Issue Salience and Priorities in the American Electorate

Christopher Hare is an assistant professor of political science. His project, which aims to create an improved measure of citizens' policy priorities, was awarded an ISS Individual Research Grant in 2016. He provided this update in September 2017.

How did this project come about? What inspired it?

This project arose from a belief that citizens' policy priorities--what they consider to be the issues most deserving of national attention and action--are critical but understudied components of political behavior. In particular, this project was motivated by a desire to create an improved measure of policy priorities that could be used in outside models of political decision-making and vote choice.

How has it progressed since you received an ISS Individual Research Grant?

The ISS Individual Research Grant has allowed us to field a three-wave panel study in which we re-interviewed a sample of 1,000 US voters at multiple time points about their policy priorities and other political views. This design allowed us to assess the level of stability present in voters' policy priorities, and how that compares to their policy preferences, ideological identification, and partisanship.
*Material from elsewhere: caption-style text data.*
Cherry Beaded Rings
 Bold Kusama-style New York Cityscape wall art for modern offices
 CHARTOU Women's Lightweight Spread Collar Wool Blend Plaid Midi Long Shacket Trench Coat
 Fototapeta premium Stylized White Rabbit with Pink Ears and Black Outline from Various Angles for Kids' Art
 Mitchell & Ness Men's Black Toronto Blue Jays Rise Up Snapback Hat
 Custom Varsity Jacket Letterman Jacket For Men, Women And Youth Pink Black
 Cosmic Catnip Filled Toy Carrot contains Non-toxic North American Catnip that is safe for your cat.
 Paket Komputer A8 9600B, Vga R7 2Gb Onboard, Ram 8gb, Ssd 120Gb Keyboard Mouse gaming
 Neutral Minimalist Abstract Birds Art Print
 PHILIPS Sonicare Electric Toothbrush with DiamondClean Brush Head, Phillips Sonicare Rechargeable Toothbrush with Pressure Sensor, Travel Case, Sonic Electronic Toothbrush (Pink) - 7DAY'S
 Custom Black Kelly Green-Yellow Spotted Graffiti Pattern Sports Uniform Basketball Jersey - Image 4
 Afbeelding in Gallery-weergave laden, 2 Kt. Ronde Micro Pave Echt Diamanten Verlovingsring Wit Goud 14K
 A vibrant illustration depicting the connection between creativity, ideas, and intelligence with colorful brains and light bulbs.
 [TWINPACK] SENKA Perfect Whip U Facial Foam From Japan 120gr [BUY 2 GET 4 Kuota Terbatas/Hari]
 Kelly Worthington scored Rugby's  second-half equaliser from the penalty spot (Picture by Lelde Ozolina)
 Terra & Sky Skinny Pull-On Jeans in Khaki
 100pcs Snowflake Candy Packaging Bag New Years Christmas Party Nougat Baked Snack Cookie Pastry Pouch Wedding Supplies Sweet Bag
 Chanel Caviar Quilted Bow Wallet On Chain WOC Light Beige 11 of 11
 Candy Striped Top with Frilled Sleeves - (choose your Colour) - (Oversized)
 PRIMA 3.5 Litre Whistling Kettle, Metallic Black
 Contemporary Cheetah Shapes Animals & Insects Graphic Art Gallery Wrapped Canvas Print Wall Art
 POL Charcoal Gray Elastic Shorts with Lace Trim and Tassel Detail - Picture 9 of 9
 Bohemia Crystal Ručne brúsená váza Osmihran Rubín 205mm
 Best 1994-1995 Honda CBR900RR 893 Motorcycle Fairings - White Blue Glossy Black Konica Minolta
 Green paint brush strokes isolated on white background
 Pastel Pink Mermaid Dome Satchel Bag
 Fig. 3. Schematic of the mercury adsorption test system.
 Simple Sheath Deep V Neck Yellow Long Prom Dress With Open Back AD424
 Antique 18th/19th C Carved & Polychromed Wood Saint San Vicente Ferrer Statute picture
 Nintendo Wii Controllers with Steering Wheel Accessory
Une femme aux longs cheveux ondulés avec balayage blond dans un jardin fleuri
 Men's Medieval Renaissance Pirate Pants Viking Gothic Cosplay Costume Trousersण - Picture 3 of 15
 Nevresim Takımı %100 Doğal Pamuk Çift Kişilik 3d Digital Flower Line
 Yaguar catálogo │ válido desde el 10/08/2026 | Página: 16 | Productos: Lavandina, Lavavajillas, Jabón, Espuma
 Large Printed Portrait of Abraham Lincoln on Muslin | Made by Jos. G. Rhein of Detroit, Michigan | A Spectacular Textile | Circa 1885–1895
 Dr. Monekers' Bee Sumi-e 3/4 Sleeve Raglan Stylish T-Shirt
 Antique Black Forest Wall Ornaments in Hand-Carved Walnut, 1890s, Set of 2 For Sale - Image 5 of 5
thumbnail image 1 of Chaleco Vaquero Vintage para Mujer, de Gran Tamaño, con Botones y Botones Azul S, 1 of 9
The survey also allowed us to randomize existing and new measures of policy priorities (ratings and rankings-based questions). This study was successfully fielded in the winter of 2017.

What notable or surprising findings can you share at this point?

What has surprised us is the degree of partisan polarization we find in voters' policy priorities. Democrats and Republicans don't simply disagree with the other party about their preferred action on a particular issue like taxes or climate change, but more deeply in whether they even consider the issue deserving of attention in the first place.

What is the next step?

We are continuing to dig more deeply into these data and perform more rigorous statistical analyses. For instance, we plan to estimate more detailed models of attitude stability in citizens' policy priorities as well as the main and conditional effects of priorities in presidential vote choice. We plan to begin presenting our results at political science conferences in early 2018, eventually culminating in a paper or series of paper to be sent out for publication in academic journals.